Source data>
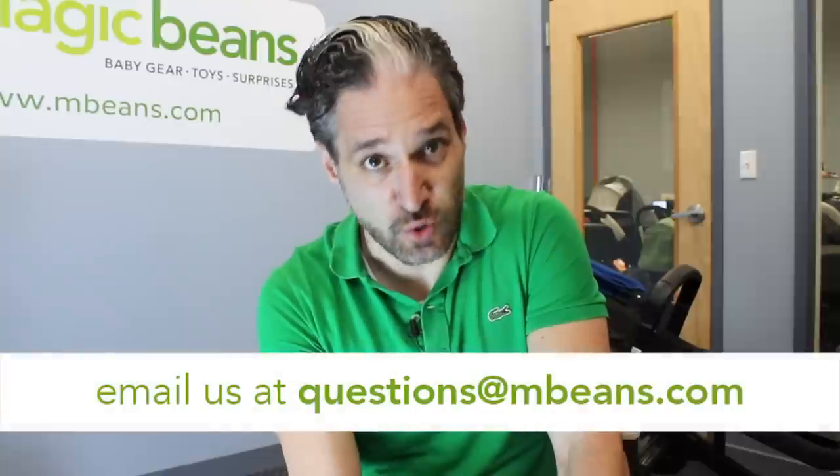Hey, this is Ellie from Magic Beans. In this video I'm going to be comparing the Bugaboo Buffalo and the Bugaboo Fox. Don't get your heart set on the Bugaboo Buffalo because it's being discontinued, but it's being replaced with the Bugaboo Fox. If you're wondering what the differences are and how it has changed — it's become smaller, it's become lighter — I'm going to break it all down for you in this video.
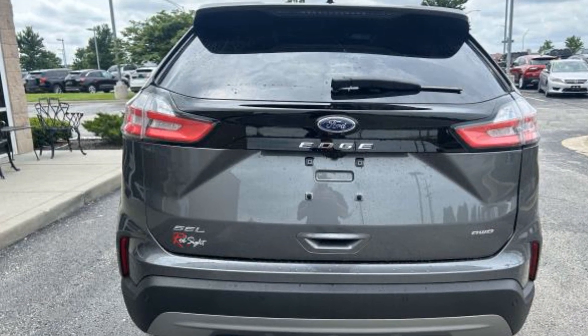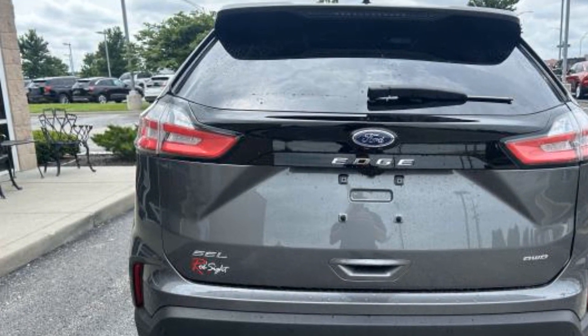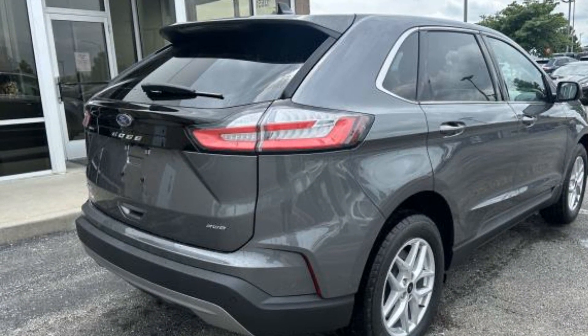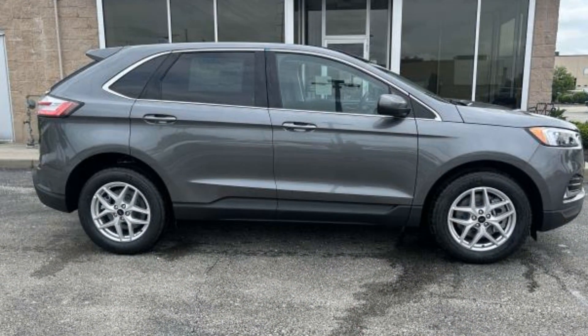lane-departure warning, Wi-Fi hotspot, satellite radio, multi-zone air conditioning, blind spot monitor, all-wheel drive, parking aid sensor, heated side view mirrors, panoramic roof, backup camera,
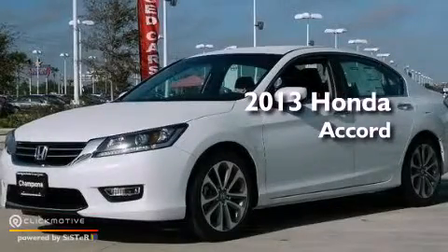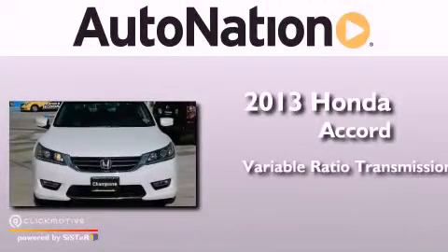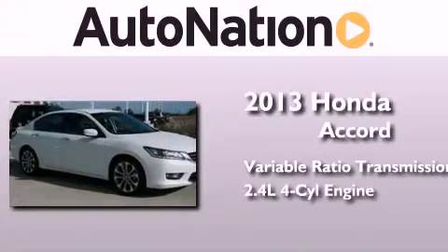This is a brand new 2013 Honda Accord. This four-door sedan has a continuously variable transmission and an inline four-cylinder engine.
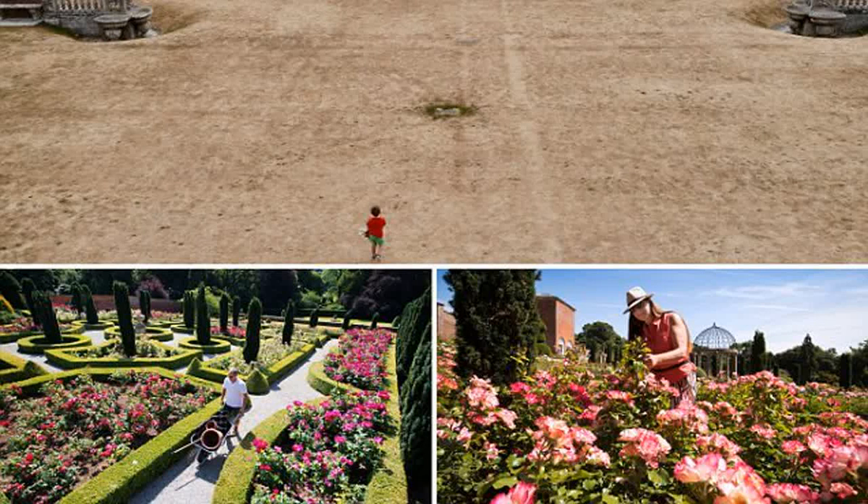RHS Garden Rosemoor in Torrington, Devon, and the David Austin Rose Garden in the West Midlands, which has 700 varieties on display, have also exploded into color, while at Kew Gardens in West London the air is full of the scent of vibrant fuchsia roses.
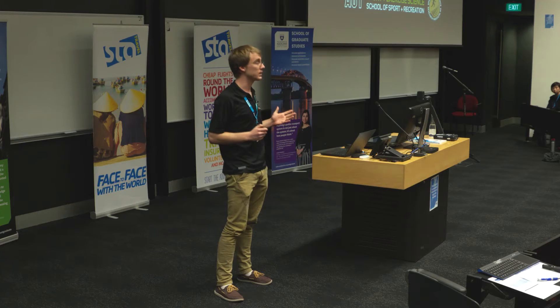Badminton: the fastest sport in the world, with shuttle speeds in excess of 400 km an hour. As a result, athletes are required to rapidly move around the court. This is termed agility.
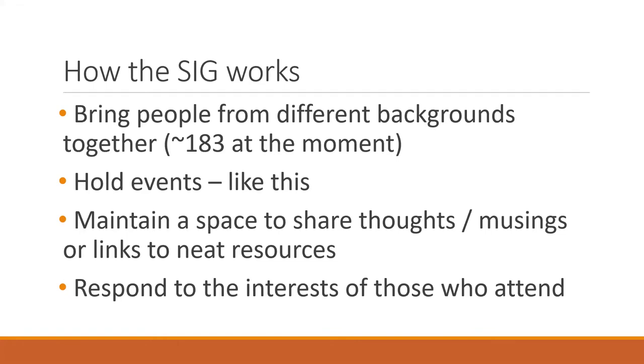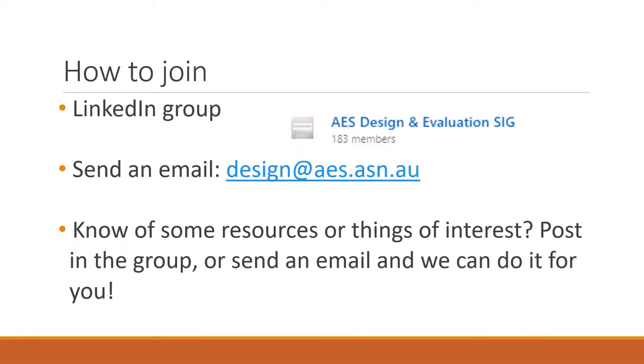Jess and I are particularly conscious of making sure we respond to the interests of those who attend. Membership is a loose thing — you don't have to be a member to attend, but we do maintain a LinkedIn group called AES Design and Evaluation SIG. We also have an AES email for the SIG. Through this sprint, we're trying to identify resources or tools that you might know of that others don't, and share those more widely.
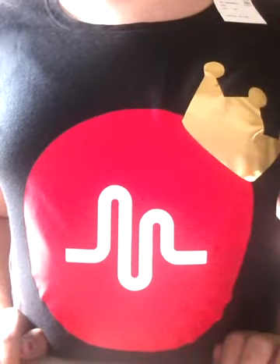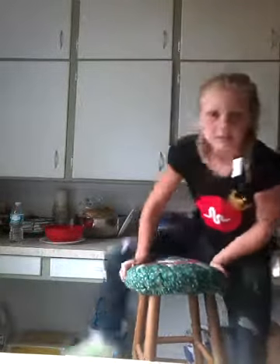Now I have some pants to show you. These are skinny jeans with rips down them — they're really cute and I really love them.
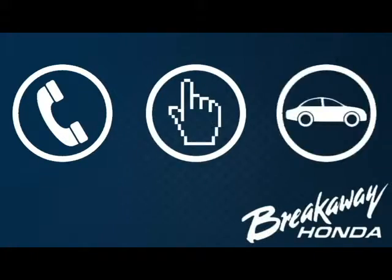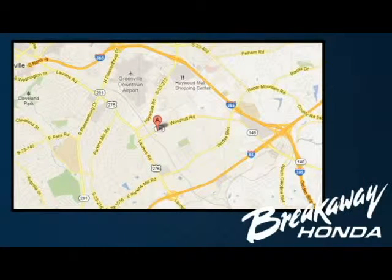Call, click or stop in today. We're conveniently located at 330 Woodruff Road in Greenville, South Carolina.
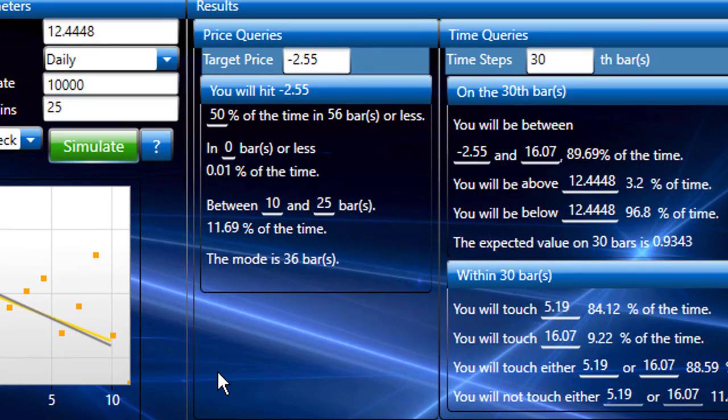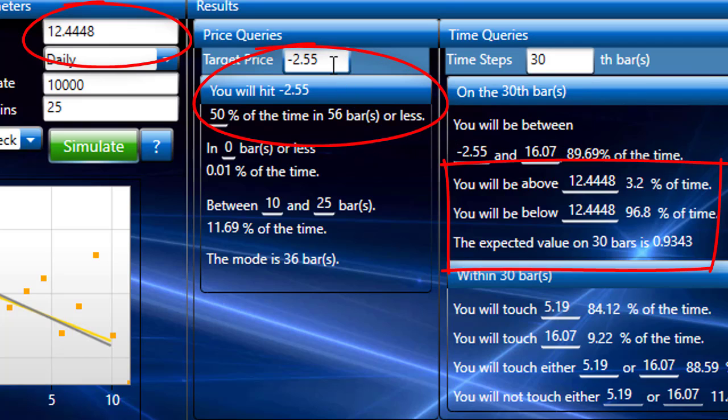Wow, that's incredible. The current price is 1244 and it's saying this is a short — it's saying we're going to be below that 97% of the time. That's a little strong; I hardly ever believe it when it says it's that strong. But nevertheless, it's really good that the tool is telling us we have a very strong chance of being profitable after 30 days. The target price — the mean is minus 2.55. I doubt highly that we would target that far down, but if we did, it's saying we'd be there half the time at 56 bars, with the mode being 36 bars.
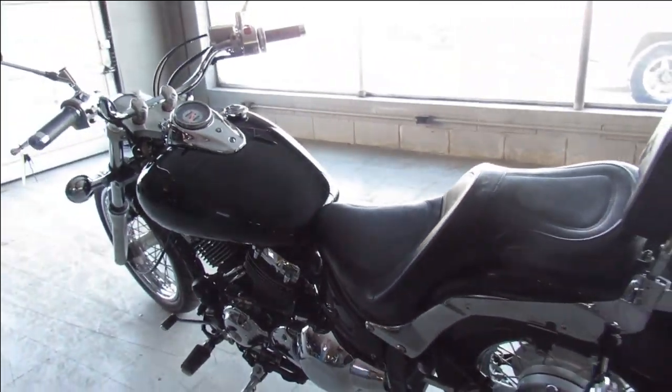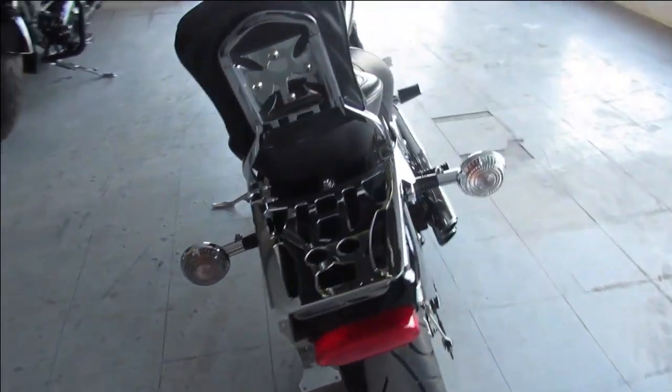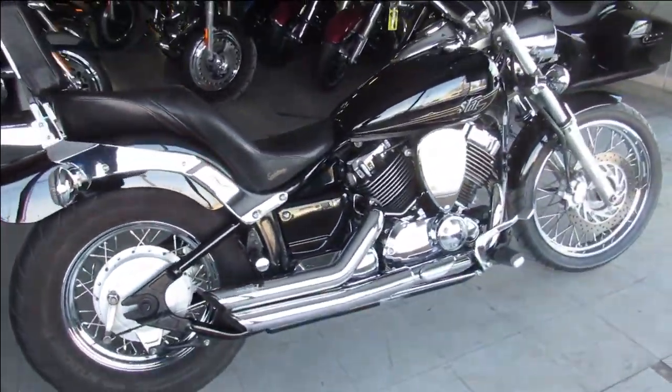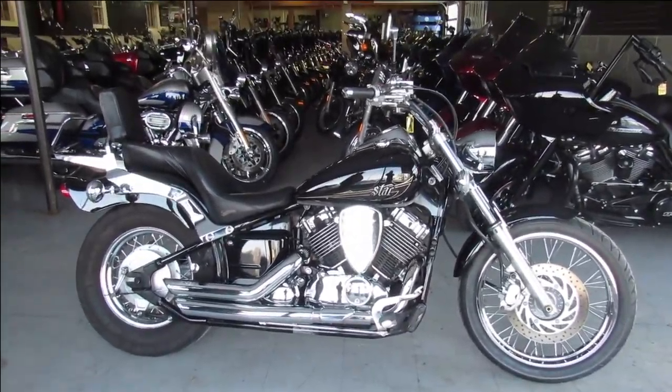Nice little starter bike for somebody, just serviced at the dealership, it's got a warranty available, you can buy it with confidence. That's a '13 V-Star 650, only $39.99 — give us a call, we'll get it done: 810-648-9500.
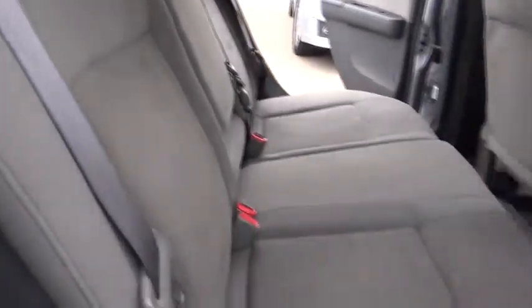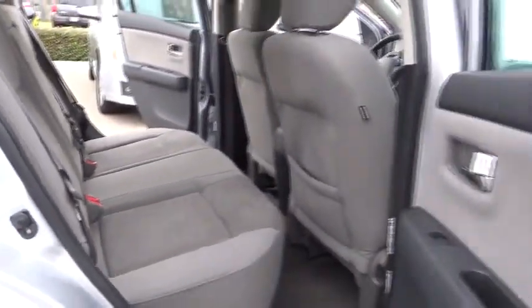MP3 player, trip computer, power windows, security system. This vehicle is Carfax certified one owner and qualifies for Carfax buyback guarantee. Come see the car for yourself.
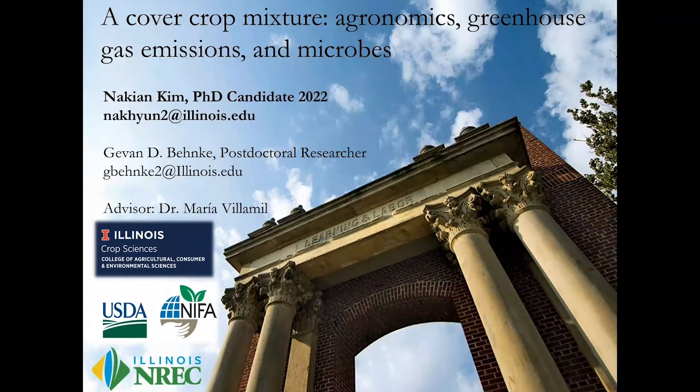Hi, nice to meet you all. My name is Na Kim Kim, and I'm a student of Dr. Maria Biameo. I'm here in place of Dr. Ben Ke, who was supposed to be giving the first half of the talk but unfortunately couldn't come, so I'm filling in for him.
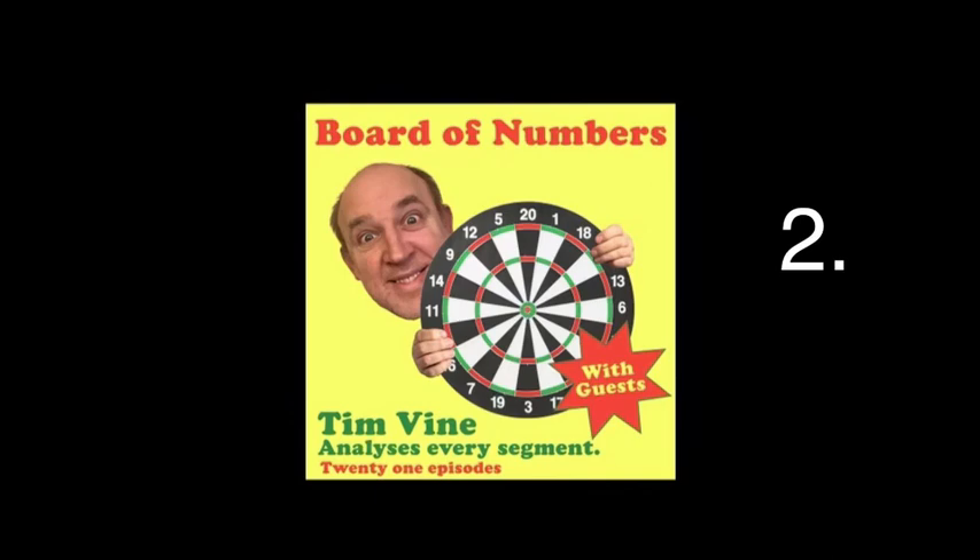So, two. And where is it on the dartboard? Well, the two is sandwiched neatly between the 17 and the 15. A slightly tricky angle, I would say. If you're going for a single two, I think it's a little bit icky. It's not right, it's not high enough up like the 10 where it feels like you can sort of nestle it in there. It's got a bit of inherent danger around it with the 17 and the 15.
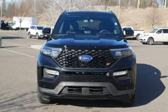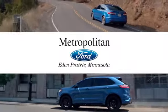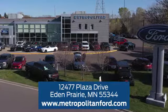You need to drive it to believe it. See it for yourself today. At Metropolitan Ford, you'll always get a great experience and a great price. Stop in and see us today. We're conveniently located off Plaza Drive in Eden Prairie.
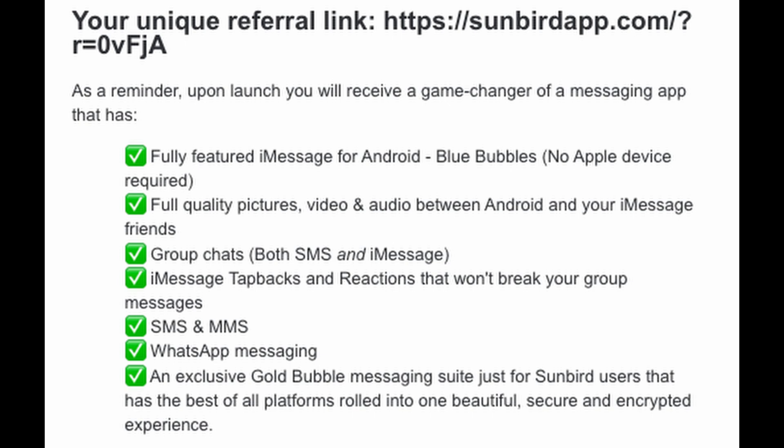I'll put my unique referral link down in the description below. I signed up to at least try to get an invite, and they say you get fully featured iMessage for Android — blue bubbles, no Apple device required, full quality pictures, video, and photo, and audio between Android and your iMessage friends, group chats both SMS and iMessage, iMessage tap backs and reactions that won't break your group messages, SMS and MMS, WhatsApp messaging, and an exclusive gold bubble messaging suite just for Sunbird users that has the best of all platforms rolled into one beautiful, secure, and encrypted experience.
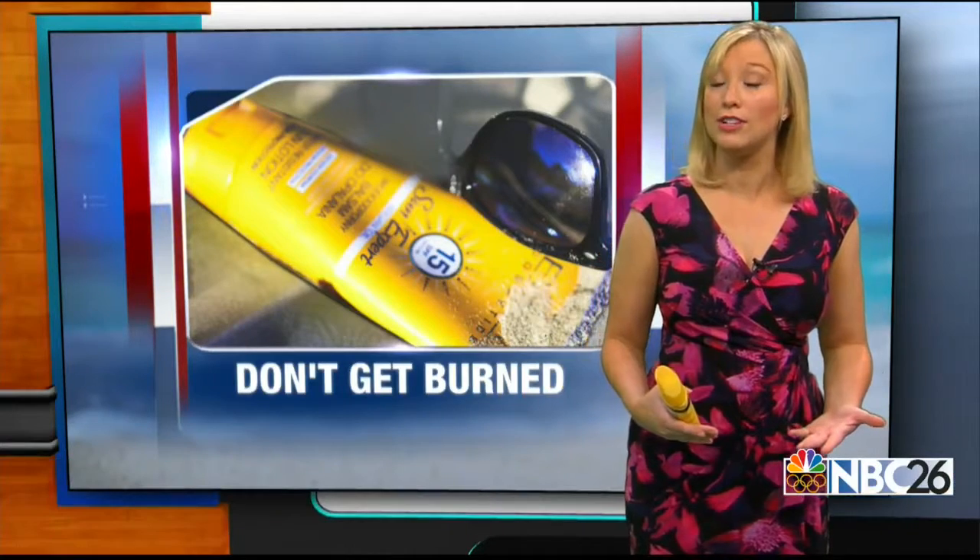A simple layer of sunscreen should protect you from the sun's powerful rays. But for people more mindful of an unpronounceable ingredient list, know that there's power in the protection and there are alternatives so you don't get burned.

WHAT IS BEING ASKED>
Copy out each record word for word and omit any pictures.

EXERCISE RESULT>
Hey, this is Ellie from Magic Beans. In this video I'm going to be comparing the Bugaboo Buffalo and the Bugaboo Fox. Don't get your heart set on the Bugaboo Buffalo because it's being discontinued, but it's being replaced with the Bugaboo Fox. If you're wondering what the differences are and how it has changed — it's become smaller, it's become lighter — I'm going to break it all down for you in this video.
lane-departure warning, Wi-Fi hotspot, satellite radio, multi-zone air conditioning, blind spot monitor, all-wheel drive, parking aid sensor, heated side view mirrors, panoramic roof, backup camera,
This is a brand new 2013 Honda Accord. This four-door sedan has a continuously variable transmission and an inline four-cylinder engine.
RHS Garden Rosemoor in Torrington, Devon, and the David Austin Rose Garden in the West Midlands, which has 700 varieties on display, have also exploded into color, while at Kew Gardens in West London the air is full of the scent of vibrant fuchsia roses.
Badminton: the fastest sport in the world, with shuttle speeds in excess of 400 km an hour. As a result, athletes are required to rapidly move around the court. This is termed agility.
Jess and I are particularly conscious of making sure we respond to the interests of those who attend. Membership is a loose thing — you don't have to be a member to attend, but we do maintain a LinkedIn group called AES Design and Evaluation SIG. We also have an AES email for the SIG. Through this sprint, we're trying to identify resources or tools that you might know of that others don't, and share those more widely.
Now I have some pants to show you. These are skinny jeans with rips down them — they're really cute and I really love them.
Call, click or stop in today. We're conveniently located at 330 Woodruff Road in Greenville, South Carolina.
Wow, that's incredible. The current price is 1244 and it's saying this is a short — it's saying we're going to be below that 97% of the time. That's a little strong; I hardly ever believe it when it says it's that strong. But nevertheless, it's really good that the tool is telling us we have a very strong chance of being profitable after 30 days. The target price — the mean is minus 2.55. I doubt highly that we would target that far down, but if we did, it's saying we'd be there half the time at 56 bars, with the mode being 36 bars.
Nice little starter bike for somebody, just serviced at the dealership, it's got a warranty available, you can buy it with confidence. That's a '13 V-Star 650, only $39.99 — give us a call, we'll get it done: 810-648-9500.
MP3 player, trip computer, power windows, security system. This vehicle is Carfax certified one owner and qualifies for Carfax buyback guarantee. Come see the car for yourself.
Hi, nice to meet you all. My name is Na Kim Kim, and I'm a student of Dr. Maria Biameo. I'm here in place of Dr. Ben Ke, who was supposed to be giving the first half of the talk but unfortunately couldn't come, so I'm filling in for him.
So, two. And where is it on the dartboard? Well, the two is sandwiched neatly between the 17 and the 15. A slightly tricky angle, I would say. If you're going for a single two, I think it's a little bit icky. It's not right, it's not high enough up like the 10 where it feels like you can sort of nestle it in there. It's got a bit of inherent danger around it with the 17 and the 15.
You need to drive it to believe it. See it for yourself today. At Metropolitan Ford, you'll always get a great experience and a great price. Stop in and see us today. We're conveniently located off Plaza Drive in Eden Prairie.
I'll put my unique referral link down in the description below. I signed up to at least try to get an invite, and they say you get fully featured iMessage for Android — blue bubbles, no Apple device required, full quality pictures, video, and photo, and audio between Android and your iMessage friends, group chats both SMS and iMessage, iMessage tap backs and reactions that won't break your group messages, SMS and MMS, WhatsApp messaging, and an exclusive gold bubble messaging suite just for Sunbird users that has the best of all platforms rolled into one beautiful, secure, and encrypted experience.
A simple layer of sunscreen should protect you from the sun's powerful rays. But for people more mindful of an unpronounceable ingredient list, know that there's power in the protection and there are alternatives so you don't get burned.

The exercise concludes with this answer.